A woman was found alive in another miraculous rescue some 203 hours after two earthquakes hit Türkiye on Feb. 6, marking the fourth such instance on Tuesday.
The 40-year-old woman was pulled to safety by crews from the rubble of a building in southern Hatay province. Her identity remains unknown.
Rescuers unearthed three other survivors in the wreckage earlier in the day, including a 26-year-old woman in the same city, two brothers from the same mound of rubble in Kahramanmaraş province, and a teenager in Adıyaman.
Efforts are currently underway to dig out three sisters from another wreckage in Kahramanmaraş, local sources said.
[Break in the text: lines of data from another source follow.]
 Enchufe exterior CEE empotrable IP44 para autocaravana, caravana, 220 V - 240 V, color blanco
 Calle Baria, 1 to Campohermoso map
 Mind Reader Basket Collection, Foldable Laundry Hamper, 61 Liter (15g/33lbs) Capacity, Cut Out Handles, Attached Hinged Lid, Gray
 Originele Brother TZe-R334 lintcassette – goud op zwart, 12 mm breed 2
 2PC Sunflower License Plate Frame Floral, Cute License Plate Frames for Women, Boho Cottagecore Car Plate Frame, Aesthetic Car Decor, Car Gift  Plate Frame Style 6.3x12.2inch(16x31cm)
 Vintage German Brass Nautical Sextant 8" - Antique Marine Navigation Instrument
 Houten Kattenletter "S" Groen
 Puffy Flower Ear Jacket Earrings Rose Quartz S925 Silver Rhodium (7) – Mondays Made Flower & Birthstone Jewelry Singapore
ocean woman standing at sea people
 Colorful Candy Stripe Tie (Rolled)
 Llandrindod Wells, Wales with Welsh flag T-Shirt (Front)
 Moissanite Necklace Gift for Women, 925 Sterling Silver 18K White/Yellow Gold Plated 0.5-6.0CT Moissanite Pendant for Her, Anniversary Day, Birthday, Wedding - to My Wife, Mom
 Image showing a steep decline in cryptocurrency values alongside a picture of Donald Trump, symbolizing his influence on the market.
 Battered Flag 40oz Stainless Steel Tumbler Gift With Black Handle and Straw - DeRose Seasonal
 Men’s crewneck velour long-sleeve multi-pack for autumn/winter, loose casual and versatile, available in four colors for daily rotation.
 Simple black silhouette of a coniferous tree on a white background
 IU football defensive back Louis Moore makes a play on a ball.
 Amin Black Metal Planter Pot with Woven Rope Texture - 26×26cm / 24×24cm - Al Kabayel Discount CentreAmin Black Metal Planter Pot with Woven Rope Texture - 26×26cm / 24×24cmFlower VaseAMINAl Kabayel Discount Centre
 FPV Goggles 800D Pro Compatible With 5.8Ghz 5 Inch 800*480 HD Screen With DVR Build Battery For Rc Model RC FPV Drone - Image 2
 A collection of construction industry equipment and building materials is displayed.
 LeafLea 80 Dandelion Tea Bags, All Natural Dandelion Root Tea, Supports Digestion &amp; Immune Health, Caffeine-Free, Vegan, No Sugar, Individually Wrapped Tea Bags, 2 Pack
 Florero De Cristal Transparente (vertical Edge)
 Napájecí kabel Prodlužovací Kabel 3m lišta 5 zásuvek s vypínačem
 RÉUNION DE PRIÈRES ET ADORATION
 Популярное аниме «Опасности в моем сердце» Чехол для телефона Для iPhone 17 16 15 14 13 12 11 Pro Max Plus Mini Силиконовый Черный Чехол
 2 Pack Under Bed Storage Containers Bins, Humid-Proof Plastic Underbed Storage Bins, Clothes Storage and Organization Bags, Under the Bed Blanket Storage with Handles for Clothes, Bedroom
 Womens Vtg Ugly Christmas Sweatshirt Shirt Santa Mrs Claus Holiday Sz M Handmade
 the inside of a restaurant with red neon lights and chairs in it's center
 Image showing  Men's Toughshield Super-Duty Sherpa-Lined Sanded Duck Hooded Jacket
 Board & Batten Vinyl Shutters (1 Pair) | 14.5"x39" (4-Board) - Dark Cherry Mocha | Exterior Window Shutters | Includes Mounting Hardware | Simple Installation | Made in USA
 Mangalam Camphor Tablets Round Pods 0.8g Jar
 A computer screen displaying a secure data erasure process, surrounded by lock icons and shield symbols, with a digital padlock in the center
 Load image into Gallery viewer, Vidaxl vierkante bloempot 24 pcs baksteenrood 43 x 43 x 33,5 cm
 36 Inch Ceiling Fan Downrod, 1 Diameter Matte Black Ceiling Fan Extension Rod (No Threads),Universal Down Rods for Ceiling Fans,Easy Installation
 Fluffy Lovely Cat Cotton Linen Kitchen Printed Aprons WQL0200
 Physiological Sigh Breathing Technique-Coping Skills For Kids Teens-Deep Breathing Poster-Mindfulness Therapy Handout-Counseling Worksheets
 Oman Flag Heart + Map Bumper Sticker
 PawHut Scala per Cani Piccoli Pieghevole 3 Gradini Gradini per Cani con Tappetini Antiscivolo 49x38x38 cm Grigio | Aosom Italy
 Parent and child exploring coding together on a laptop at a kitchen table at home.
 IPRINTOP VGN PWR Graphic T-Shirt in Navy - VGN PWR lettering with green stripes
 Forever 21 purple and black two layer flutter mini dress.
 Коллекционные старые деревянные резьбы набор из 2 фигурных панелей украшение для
Search teams are facing a race against the clock as experts caution that hopes of finding people alive in the debris dim with each passing day.
In Kahramanmaraş, near the quake's epicenter, excavators dug through mountains of twisted rubble as a rescue team recovered a body from the wreckage.
Factors vary, but experts say people trapped in the rubble of an earthquake can survive for up to a week or more. They emphasize it depends on their injuries, how they are trapped and the weather conditions.
Most rescues occur in the first 24 hours after a disaster. After that, survival chances drop as each day passes, experts said. Many victims are badly injured or buried by falling stones or other debris. Access to water and air to breathe are crucial factors, along with weather conditions.